Find the area of the largest rectangle that can be drawn with one side along the x-axis and two vertices on the curve with equation y = 1/(x^2 + 1)

Answer 1

If you replace x with -x you get the same y value and therefore the graph is symmetric about the y axis.

Let (x,y) be a point on the curve.
The length of the rectangle formed will be 2x measured along the x-axis and the height will be y measured along the y axis.

Area A = 2xy

Put y = 1/(x^2 + 1) in A

To maximize A, find dA/dx, set it to 0 and solve for x.
Put that x value and find y from y =1/(x^2 + 1)

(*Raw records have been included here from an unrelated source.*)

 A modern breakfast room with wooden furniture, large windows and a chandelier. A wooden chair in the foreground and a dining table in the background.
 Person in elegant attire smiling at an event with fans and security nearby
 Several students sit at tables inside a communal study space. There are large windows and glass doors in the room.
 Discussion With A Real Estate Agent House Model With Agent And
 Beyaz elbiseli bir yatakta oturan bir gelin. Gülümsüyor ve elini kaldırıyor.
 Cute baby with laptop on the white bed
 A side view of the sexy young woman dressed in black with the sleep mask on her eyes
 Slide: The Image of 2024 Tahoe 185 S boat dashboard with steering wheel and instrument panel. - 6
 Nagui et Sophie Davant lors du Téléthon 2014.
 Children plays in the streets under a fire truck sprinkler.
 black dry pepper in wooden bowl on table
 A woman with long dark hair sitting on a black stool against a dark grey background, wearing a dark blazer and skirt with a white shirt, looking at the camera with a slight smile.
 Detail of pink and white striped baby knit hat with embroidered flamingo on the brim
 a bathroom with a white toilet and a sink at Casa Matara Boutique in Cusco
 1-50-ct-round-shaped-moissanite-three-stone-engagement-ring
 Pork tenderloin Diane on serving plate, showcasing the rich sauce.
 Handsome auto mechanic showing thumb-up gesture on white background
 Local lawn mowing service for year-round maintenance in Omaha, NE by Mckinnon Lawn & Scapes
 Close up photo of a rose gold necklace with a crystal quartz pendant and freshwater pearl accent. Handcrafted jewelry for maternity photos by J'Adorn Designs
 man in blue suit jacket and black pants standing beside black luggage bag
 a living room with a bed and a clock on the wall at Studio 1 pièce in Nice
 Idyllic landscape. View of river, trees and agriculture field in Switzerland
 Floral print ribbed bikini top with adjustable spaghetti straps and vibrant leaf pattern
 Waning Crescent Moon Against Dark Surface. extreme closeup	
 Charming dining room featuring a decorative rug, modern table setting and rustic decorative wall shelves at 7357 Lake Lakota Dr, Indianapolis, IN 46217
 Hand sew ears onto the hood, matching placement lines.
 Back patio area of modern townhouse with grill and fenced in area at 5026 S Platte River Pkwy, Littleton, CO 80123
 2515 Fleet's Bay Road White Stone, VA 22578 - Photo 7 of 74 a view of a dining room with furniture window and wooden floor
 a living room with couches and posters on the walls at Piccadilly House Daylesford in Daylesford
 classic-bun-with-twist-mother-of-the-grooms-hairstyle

Put the x,y values in A = 2xy and compute the maximum area A.

Answer 2

ok i did that and i got x = 1 and x = -1 and i neglected the -1. but when i test both sides for when x = 1 i see that it is decreasing on both sides which means that there is no local min or local max. and i am more interested in finding the local max. could i just be doing an arithmetic error when i test x=1 from both sides?

Answer 3

The problem here is not to find the maximum or the minimum for the curve.
The question here is to maximize the area formed by the rectangle.
So no point finding dy/dx. They need dA/dx = 0.

Answer 4

ohhh ok. Thank you for clearing things up

Answer 5

Your x = 1 is correct. So y = 1/2. Max area = 1.